Quello che sta capitando ad Anagni in queste ore è un caso perfetto, da manuale, di contrappasso. Che riguarda alcuni uomini del gruppo Progetto Anagni. Proprio mentre è ufficiale l’uscita dalla maggioranza del Partito Democratico (leggi qui Anagni, ipotesi dimissioni in massa: contattato già il notaio), quasi una pietra tombale sulla maggioranza anagnina del sindaco Fausto Bassetta, sembra si stiano moltiplicando le telefonate ed i contatti che il gruppo che fa capo, tra gli altri, a Giuseppe Felli, candidato alle regionali per la Lista Zingaretti, sta facendo a tutti gli esponenti dell’opposizione.

Telefonate che sembra siano arrivate un po’ a tutti. Ma soprattutto agli esponenti ritenuti in qualche modo più “morbidi” o “trattabili”: quelli che insomma, lavorandoci un po’, potrebbero fare marcia indietro e bloccare la strada che porta alla fine del governo Bassetta.

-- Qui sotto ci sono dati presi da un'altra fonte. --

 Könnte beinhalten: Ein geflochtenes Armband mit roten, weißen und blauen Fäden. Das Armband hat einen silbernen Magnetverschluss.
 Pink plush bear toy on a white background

Una cosa che si può capire, in fondo; la fine (politica) del Colonnello provocherebbe, tra le altre cose, il blocco di tutta una serie di progetti già praticamente cantierati. Cosa che sarebbe un danno per la città; ma anche per le campagne elettorali prossime venture di chi potrebbe prender spunto da quei lavori per successi politici futuri.

Di qui i toni concitati che più di qualcuno ha usato contro i consiglieri che, ad oggi, hanno firmato la mozione di sfiducia contro il sindaco. Pare che siano volate parole grosse: “traditori” sarebbe stato il termine più morbido.

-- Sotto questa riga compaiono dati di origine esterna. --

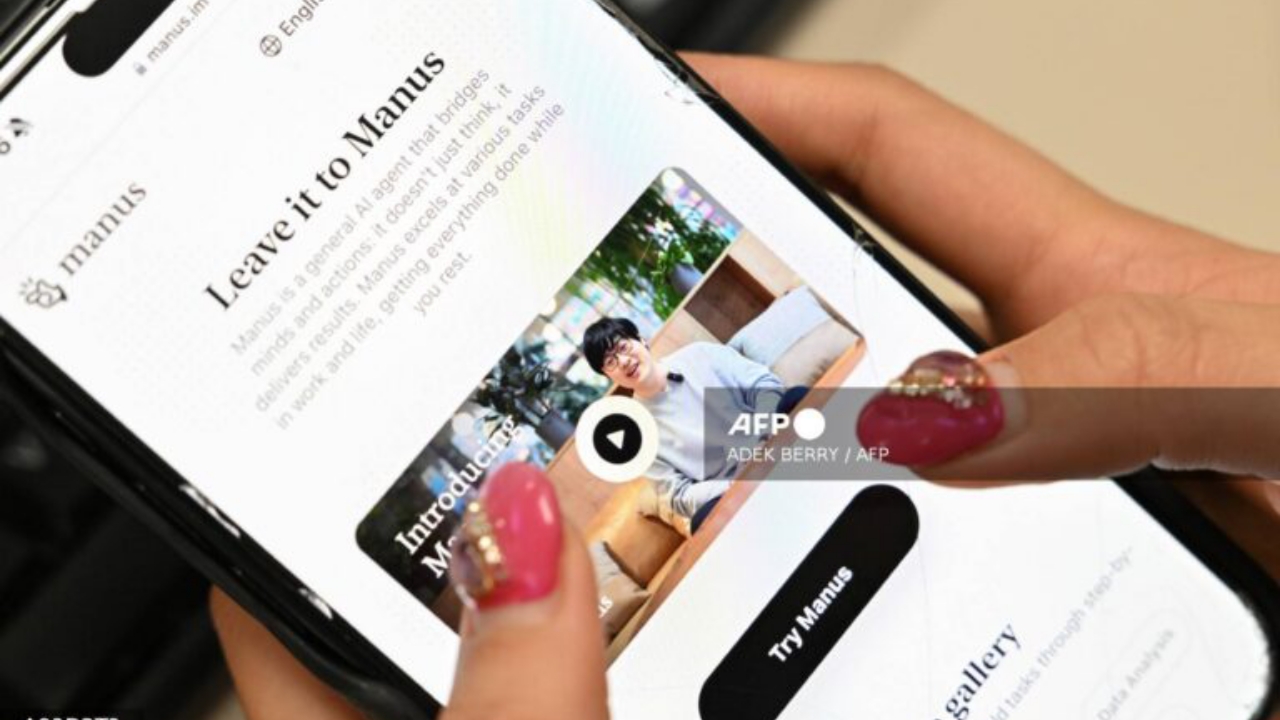 A photo illustration taken in Beijing on March 11, 2025 shows a mobile phone displaying an introduction screen for the AI assistant tool Manus, released by Chinese startup Butterfly Effect. China has blocked Meta's acquisition of AI startup Manus, the country's top economic planning body said on April 27, 2026, following media reports last month that Beijing had restricted two co-founders from leaving the country - National News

Comprensibile, visto che in queste ore si assiste alla fine di una legislatura. Forse di un’era, comunque di un progetto politico. Che, in questa forma, potrebbe non riproporsi più.

Colpisce però che a pronunciare parole con toni così veementi contro chi sta staccando la spina, stando a quanto si ascolta, siano coloro che all’epoca della fine della giunta Noto, nel dicembre 2013, vennero tacciati di tradimento, se non peggio. Già; quando alcuni consiglieri dell’allora maggioranza passarono in opposizione, segnando la fine del governo Noto, le dimissioni, l’arrivo del commissario e poi le elezioni, su quei tre si scatenò una vera e propria aggressione. Manifesti, accuse , calunnie delegittimazioni. Tanto che i tre furono costretti in più circostanze a difendersi, per rivendicare la legittimità del loro operato.

Ecco. Sorprende che adeso, dall’altra parte della barricata, proprio alcuni di quelli che erano stati a suo tempo ingiustamente (ripetiamo, ingiustamente) attaccati, ora cerchino di cambiare le sorti di una partita politica ricorrendo a mezzi simili.

Oscar Wilde diceva che “La coerenza è l’ultimo rifugio delle persone prive d’immaginazione”.

Ma qui d’immaginazione ce n’è fin troppa.